And if this celebration is so important, why didn't Jesus teach His apostles and the early Church to observe it? The books of the New Testament were written over a span of decades after Jesus Christ's death and resurrection, yet nowhere do we see so much as a hint of any kind of Easter celebration.

So where exactly did Easter and its customs come from? Why do hundreds of millions of people celebrate the holiday today?

Can we find Easter in the Bible?

Easter is considered the most important religious festival in today's Christianity. "The Easter feast has been and still is regarded as the greatest in the Christian church, since it commemorates the most important event in the life of its Founder" (The International Standard Bible Encyclopedia, 1986, Vol. 2, "Easter"). Given its popularity, one would think that surely this observance is found in God's Word.

Some cite Acts 12:4 as authority for celebrating Easter. But there's a problem in that Easter isn't really mentioned there at all. The King James Bible translators substituted "Easter" for the Greek word Pascha, which means "Passover." "The word [Easter] does not properly occur in Scripture, although [the King James Version] has it in Acts 12:4 where it stands for Passover, as it is rightly rendered in RV" (ibid.).

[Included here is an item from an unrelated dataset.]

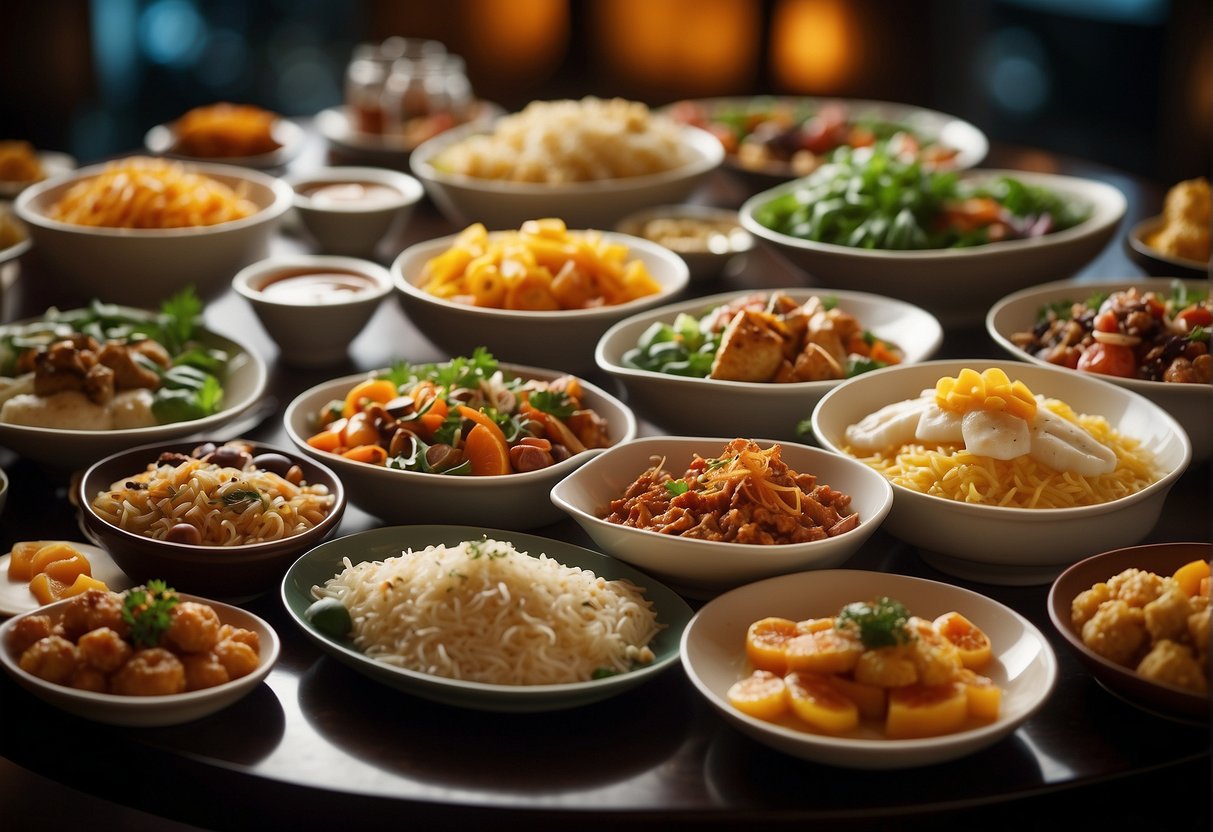 A table overflowing with a variety of colorful and delicious dishes, showcasing the diverse flavors of the Savour the Flavours triple three buffet promotions in Singapore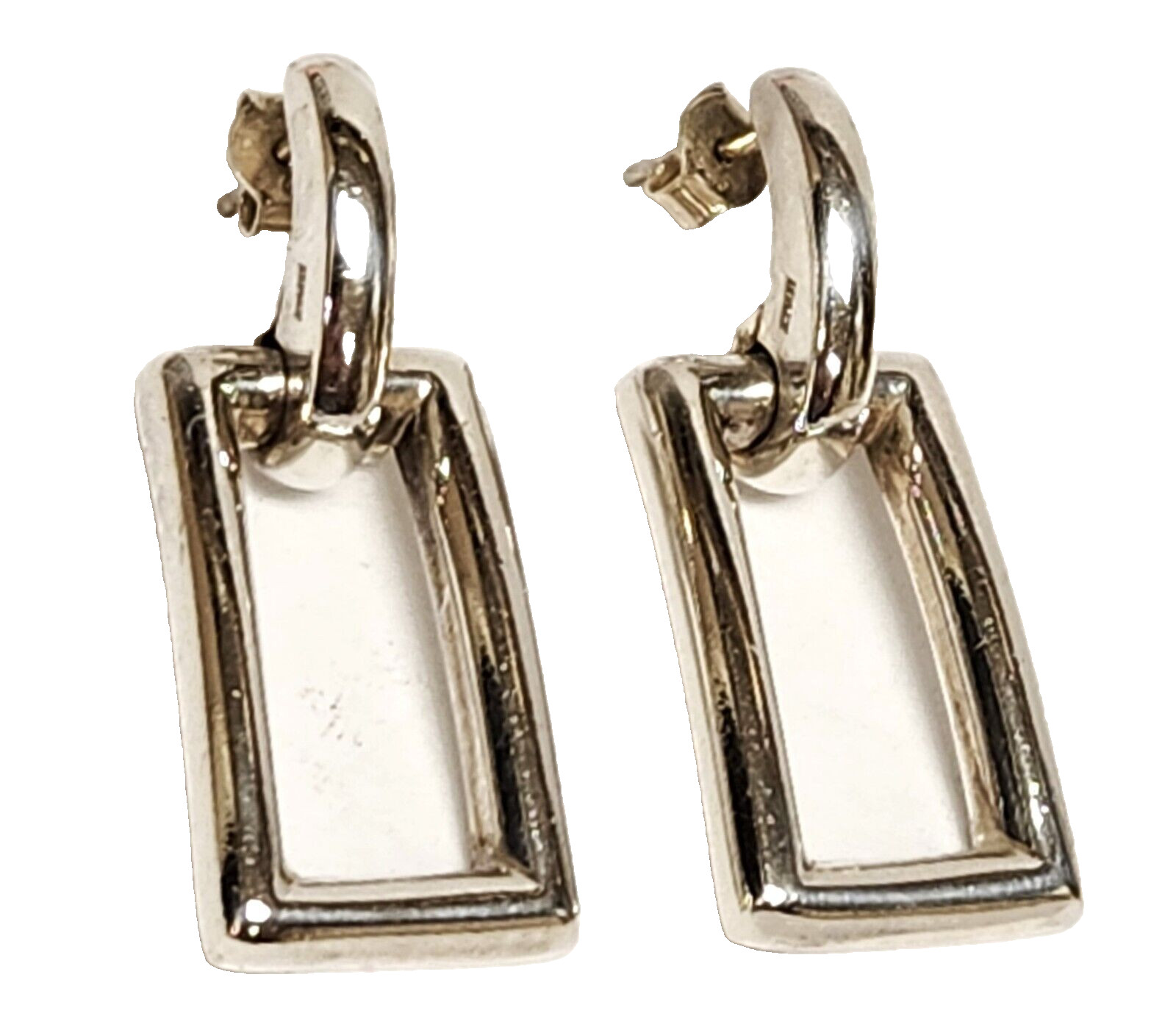 Sterling Silver Rectangle Hoop Drop Earrings 1.25… - image 2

The vast majority of Bible translations recognize this error in the King James Version and rightly translate the word as "Passover" in Acts 12:4. The truth is, "there is no trace of Easter celebration in the [New Testament]" (ibid.)

Where did Easter come from?

If Easter isn't found in the Bible, where exactly did it come from? And just exactly what does the name Easter mean?

It's important to review credible historical sources to understand the celebration's true history. For example, The Encyclopaedia Britannica tells us: "At Easter, popular customs reflect many ancient pagan survivals—in this instance, connected with spring fertility rites, such as the symbols of the Easter egg and the Easter hare or rabbit" (15th edition, Macropaedia, Vol. 4, p. 605, "Church Year").

In the ancient world of the Middle East, people were far more connected to the land and cycles of nature than we are today. They depended on the land's fertility and crops to survive. Spring, when fertility returned to the land after the long desolation of winter, was a much-anticipated and welcomed time for them.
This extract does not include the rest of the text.